REQUIREMENT >>
Since the pictures are not wanted, retype the listing below exactly and without them.

RECORDED DATA >>
:::::
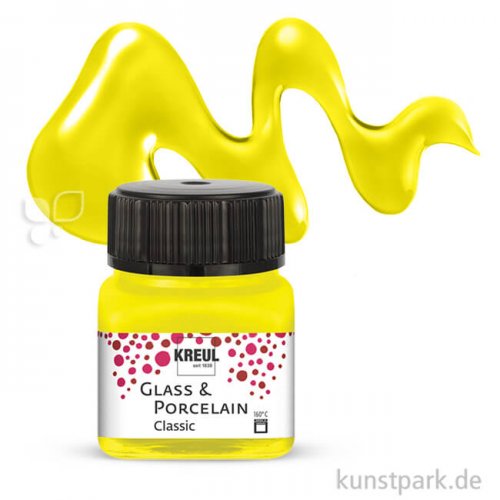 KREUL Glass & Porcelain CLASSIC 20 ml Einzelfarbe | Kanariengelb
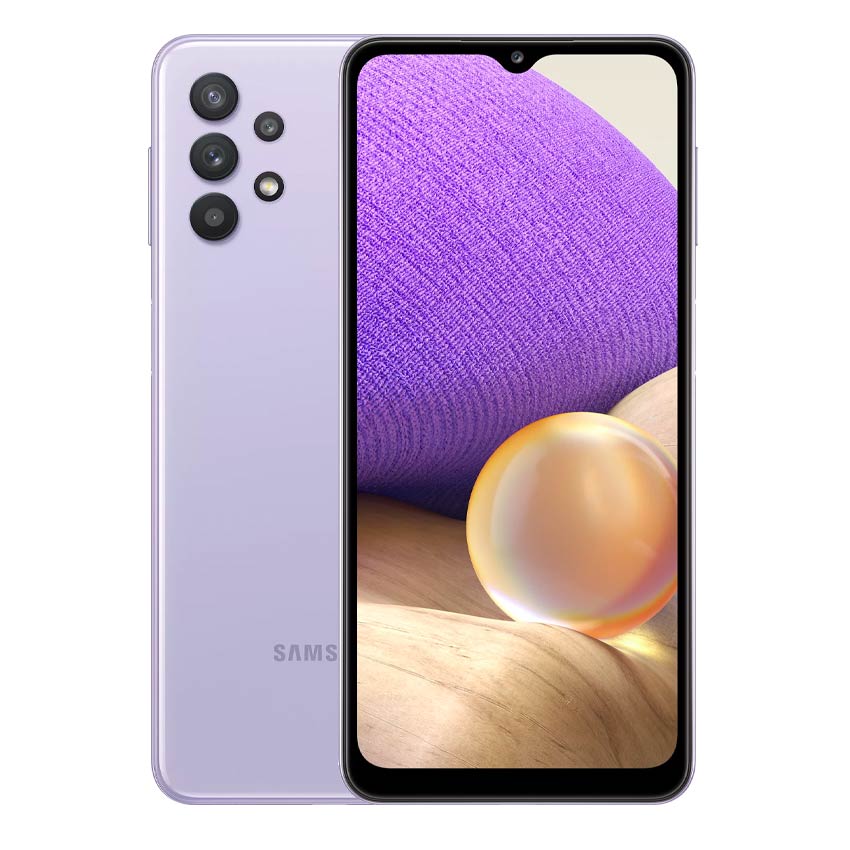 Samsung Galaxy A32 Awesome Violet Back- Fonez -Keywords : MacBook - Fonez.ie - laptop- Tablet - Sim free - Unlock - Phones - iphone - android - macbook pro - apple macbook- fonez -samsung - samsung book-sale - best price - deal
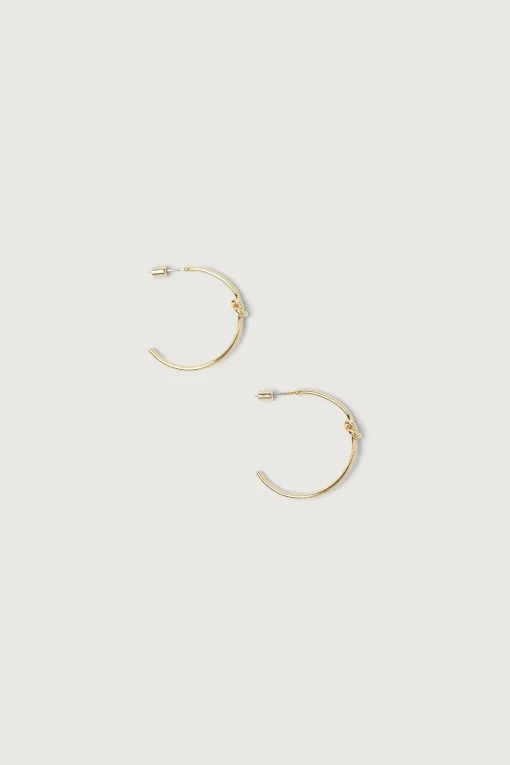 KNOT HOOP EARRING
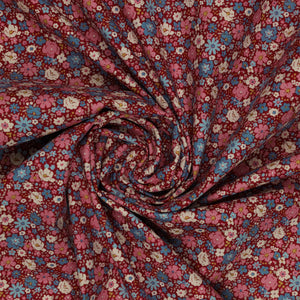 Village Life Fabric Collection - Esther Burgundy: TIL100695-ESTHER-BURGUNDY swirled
:::::
WRITTEN REPLY >>
 KREUL Glass & Porcelain CLASSIC 20 ml Einzelfarbe | Kanariengelb
 Samsung Galaxy A32 Awesome Violet Back- Fonez -Keywords : MacBook - Fonez.ie - laptop- Tablet - Sim free - Unlock - Phones - iphone - android - macbook pro - apple macbook- fonez -samsung - samsung book-sale - best price - deal
 KNOT HOOP EARRING
 Village Life Fabric Collection - Esther Burgundy: TIL100695-ESTHER-BURGUNDY swirled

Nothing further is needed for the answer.